I blink at him in surprise. His mood seems dark, but he’s…going to let me join him hunting? “Really? Just like that?”

“Provided…” He pauses and gives me another heated look.

“Oh, here we go,” I mutter, then wave at him to continue. There is always a catch, isn’t there? “Lay it on me.”

“I will take you hunting if you lay with me tonight as mates do.”

“If you think I’m going to bone you for the privilege of hunting–”

“Not sex. Boning?” He looks at me curiously. “Not boning. Just touching. Holding each other.”

My guilty little heart twitches again. He’s lonely. God, I am such a dick. Poor Raahosh, to get stuck with the most stubborn woman ever. I soften. “I can handle that, I think.”

Raahosh gives me a silent nod, and then straightens. “We should clean the cave and prepare for the hunt tomorrow if we will be out.”

“Let’s do it,” I say, hiding my excitement. Truth is, I’m a little nervous and fluttery at the thought of sleeping in his arms tonight and letting him touch me. My mind goes back to the fierce pussy-licking from earlier and a pulse of need rocks through me. My cootie immediately starts purring so loud it sounds like a chainsaw. Dammit, cootie. Show some restraint, girl.
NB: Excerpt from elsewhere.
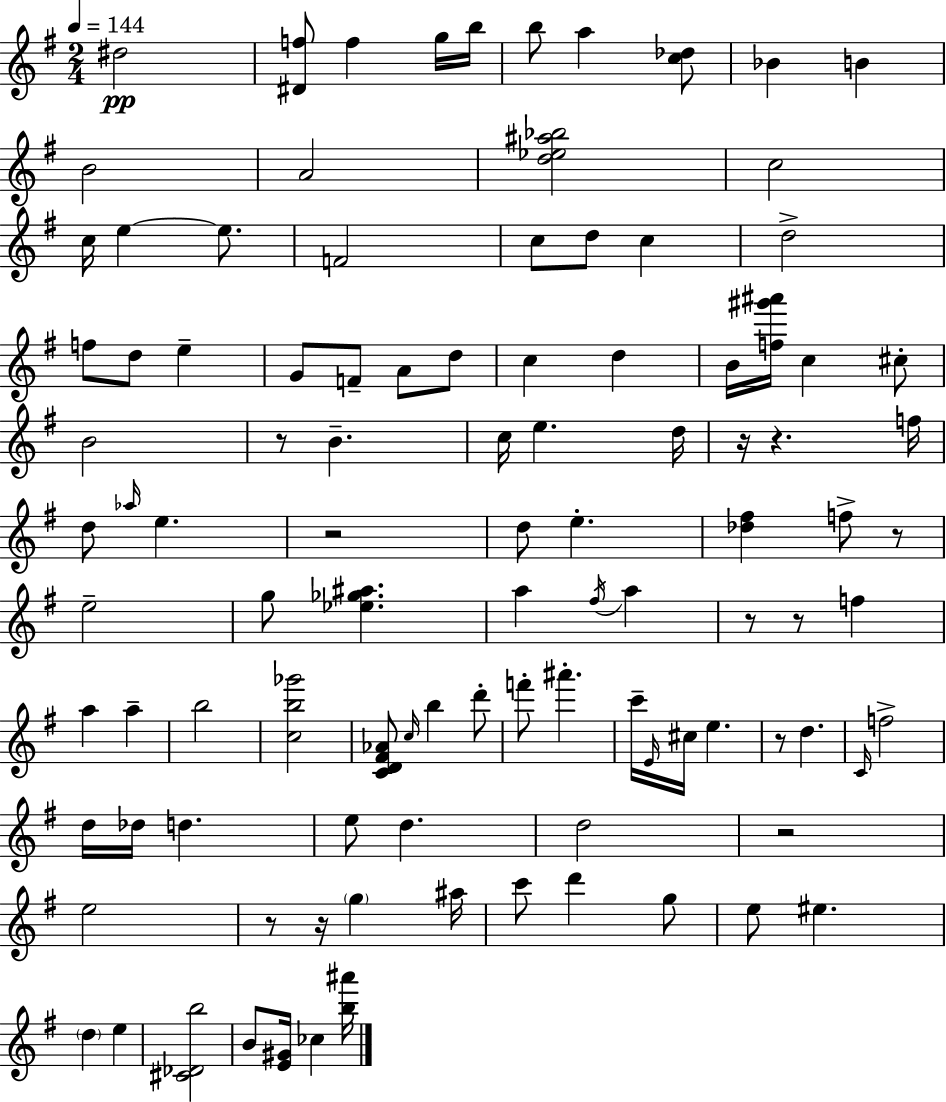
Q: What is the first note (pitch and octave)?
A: D#5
We putter around the cave for the next few hours and it’s surprisingly companionable. Raahosh makes me a pair of shoes with some scraped leather hides he’s been saving for the past few days. I knew he’d treated them with a mash of innards and crap he’d used from the critters themselves, and the results were a tough leather with a bit of fur on the inside to keep my feet warm. They are little more than mittens for my feet with drawstrings at the ankles, but I’m pleased with them nevertheless. I work on my bow, and when I tell Raahosh about the kind of material I need for the bowstring, he produces something from his traveling pack that’s a lot like a thick twine. I string my bow and hope for the best, and then set about making arrows. I have to use bone for those, and the ribs and wing-bones from something unnameable that looks like an ostrich with shorter legs — four of them, mind you — ends up being perfect. I now have arrows that are a little bit shorter than I am used to, but lightweight and deadly as needles at the tip after a good sharpening. I sharpen and fletch my arrows for what feels like hours, until the fire dies down and I’m nodding off with the knife in my hand.

Raahosh takes the arrow from my grip as I struggle to stay awake. “It is time to sleep,” he tells me.